Check for updates to your spec

The control template repo contains a GitHub Action that monitors the spec file in the repo, hooks code, as well as the liblab config file, for changes. If any of these files change, the SDK is regenerated and a pull request is raised in the SDK repos.

The GitHub Action has the following code:

name: Generate SDKs using liblab

on:
  workflow_call:
  workflow_dispatch:
  push:
    branches:
      - main
    paths:
      - 'liblab.config.json'
      - 'spec.json'
      - 'hooks/**'
      - 'customPlanModifiers/**'
jobs:
  build-and-pr:
    name: Generate SDKs and create PRs
    runs-on: ubuntu-latest
    if: github.run_number != 1
    env:
      LIBLAB_CI: true
      LIBLAB_TOKEN: ${{ secrets.LIBLAB_TOKEN }}
      LIBLAB_GITHUB_TOKEN: ${{ secrets.LIBLAB_GITHUB_TOKEN }}
    steps:
      - name: Check if secrets are set
        run: |
          if [[ -n "${{ secrets.LIBLAB_TOKEN }}" && -n "${{ secrets.LIBLAB_GITHUB_TOKEN }}" ]]; then
            echo "Secrets are set, proceeding with the workflow"
          else
            echo "Error: Secrets LIBLAB_TOKEN and LIBLAB_GITHUB_TOKEN are required, see https://developers.liblab.com/tutorials/integrate-with-github-actions/#create-tokens"
            echo "::error::Secrets LIBLAB_TOKEN and LIBLAB_GITHUB_TOKEN are required, see https://developers.liblab.com/tutorials/integrate-with-github-actions/#create-tokens"
            exit 1
          fi
      - name: Checkout
        uses: actions/checkout@v4
      - name: Setup Node.js environment
        uses: actions/setup-node@v4
        with:
          node-version: '20'
      - name: Install liblab
        run: npm install -g liblab
      - name: Start Build
        run: liblab build --yes
      - name: Create PRs to GitHub repos
        run: liblab pr

This Action watches for changes to the config file, spec and hooks code on the main branch.
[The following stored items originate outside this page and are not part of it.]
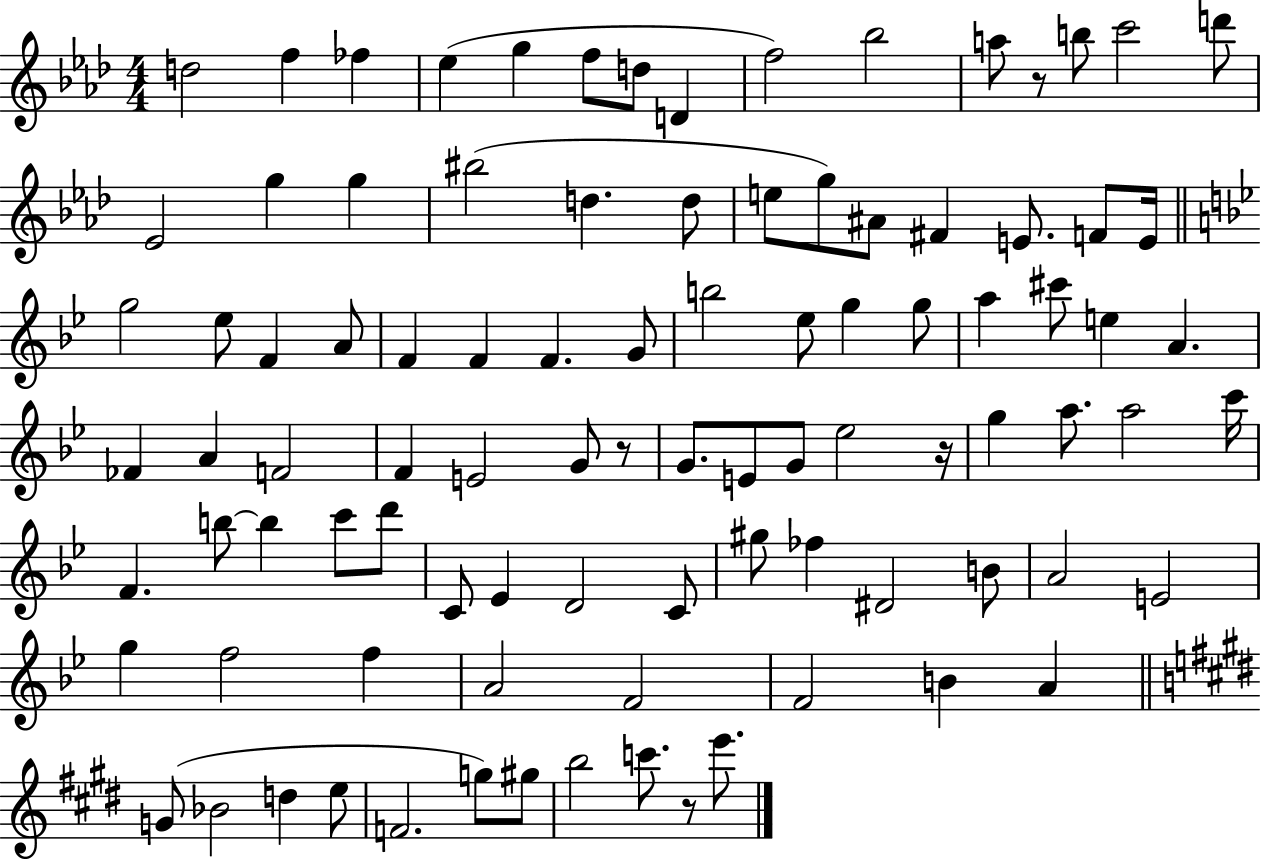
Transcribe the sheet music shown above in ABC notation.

X:1
T:Untitled
M:4/4
L:1/4
K:Ab
d2 f _f _e g f/2 d/2 D f2 _b2 a/2 z/2 b/2 c'2 d'/2 _E2 g g ^b2 d d/2 e/2 g/2 ^A/2 ^F E/2 F/2 E/4 g2 _e/2 F A/2 F F F G/2 b2 _e/2 g g/2 a ^c'/2 e A _F A F2 F E2 G/2 z/2 G/2 E/2 G/2 _e2 z/4 g a/2 a2 c'/4 F b/2 b c'/2 d'/2 C/2 _E D2 C/2 ^g/2 _f ^D2 B/2 A2 E2 g f2 f A2 F2 F2 B A G/2 _B2 d e/2 F2 g/2 ^g/2 b2 c'/2 z/2 e'/2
If you use a different file structure, a different branch name, or a different name for your spec file, you can update the push event.

Once a change is detected, it will verify that you have the secrets configured correctly, then build the SDK, and create a pull request in your SDK repos.

Check for liblab updates

When liblab releases an update, you can use a GitHub Action to detect this and regenerate your SDKs. These updates may include bug fixes and other improvements to the generated SDKs, but will not create any breaking changes in the generated SDK.
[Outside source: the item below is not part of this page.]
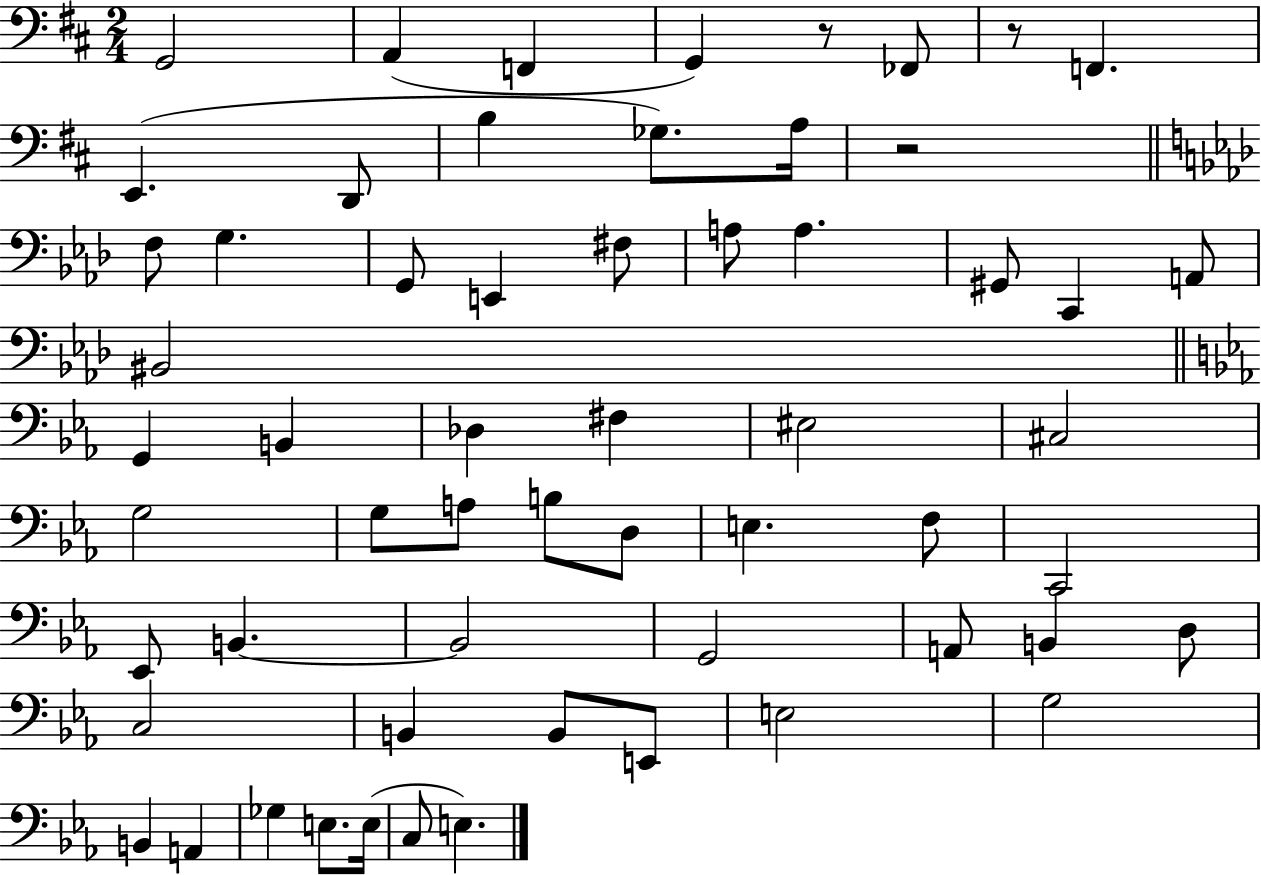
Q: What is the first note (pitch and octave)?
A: G2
This Action is included in the control template repo, and uses an SDK Updates Action published by liblab on the GitHub marketplace.
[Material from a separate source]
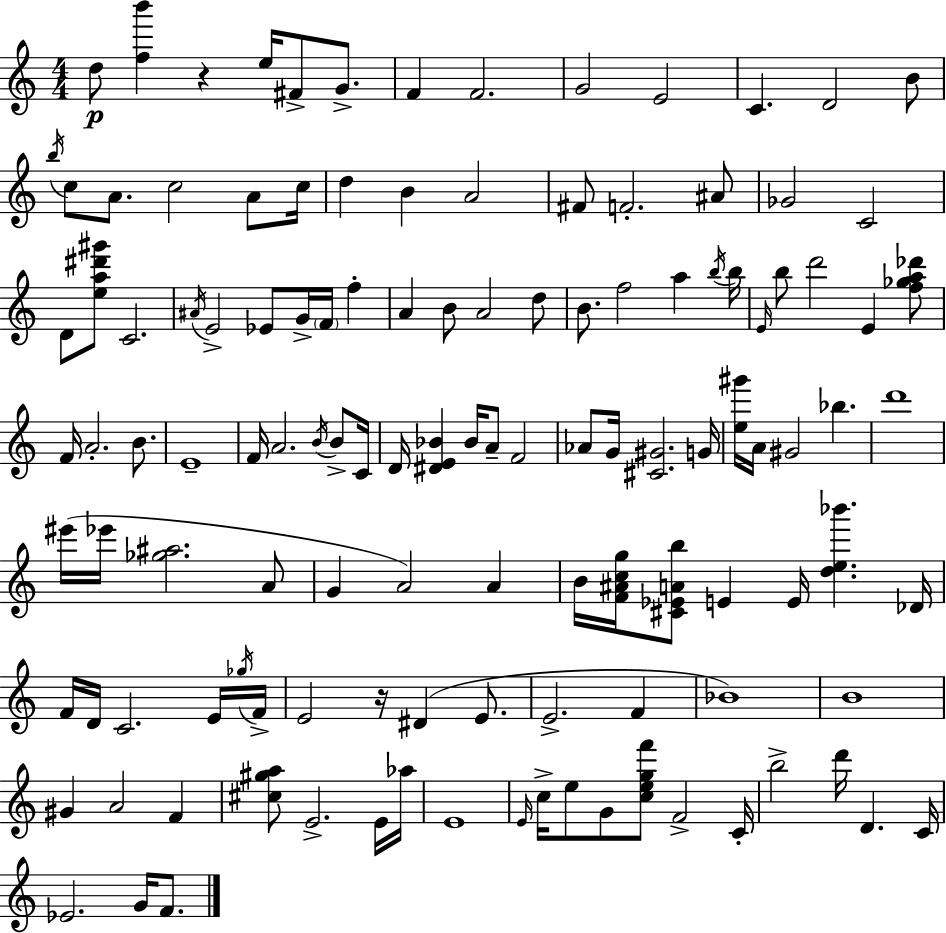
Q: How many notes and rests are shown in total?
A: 123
The GitHub Action has the following code:

name: Latest liblab updates

on:
  workflow_dispatch:
  schedule:
    - cron: '0 11 * * *' # 11am UTC corresponds to 5am CST

jobs:
  generate-sdks-and-publish-prs:
    name: Generate SDKs and publish PRs
    runs-on: ubuntu-latest
    steps:
      - uses: actions/checkout@v4
      - name: Generate SDKs and publish PRs
        uses: liblaber/sdk-updates@v1.0.0
        with:
          liblab_token: ${{ secrets.LIBLAB_TOKEN }}
          liblab_github_token: ${{ secrets.LIBLAB_GITHUB_TOKEN }}

This code runs at 11am UTC every day, and checks for updates to liblab. If an update is detected, it will regenerate your SDKs and raise a pull request in your SDK repos. You can change the schedule to suit your needs by updating the cron schedule.

SDK repos

SDK repos are where your generated SDKs live, one per SDK language. From here you can publish your SDKs to a package manager if required.

Your liblab config file should be configured to point to these SDK repos to allow pull requests to be raised by your control repo. This is done using the githubRepoName config file option for each SDK language.

You can use GitHub Actions to publish your SDKs to a package manager when you release a new version.

Create an SDK repo

liblab provides template repos to generate SDK repos that have GitHub Actions that publish to the relevant package manager when you create a release.

TypeScript SDK repo

Python SDK repo

C# SDK repo

Java SDK repo

Go SDK repo

If you create an SDK repo manually, make sure to create the default branch. If you see this error when creating a PR using the liblab CLI or GitHub Action:

Default branch: main does not exists in the repository

Then check that you have created the main branch in your repo.

Configure the SDK repos

To publish to a package manager, you will need to configure the GitHub Actions in your SDK repos, including setting Actions secrets.

TypeScript

To publish to npm, you will need an npm access token. You can generate a new access token from your user settings on npm.

1. Select the Access Tokens tab, drop down the Generate New Token button, then select Granular Access Token.

   

2. Fill in all the required details for the token such as the name and expiry.

3. Make sure that this token has read and write permission to publish packages. If the package already exists, you can scope this token to just that package, otherwise this token needs read and write for all packages.

4. Once the token has been created, make a copy of it.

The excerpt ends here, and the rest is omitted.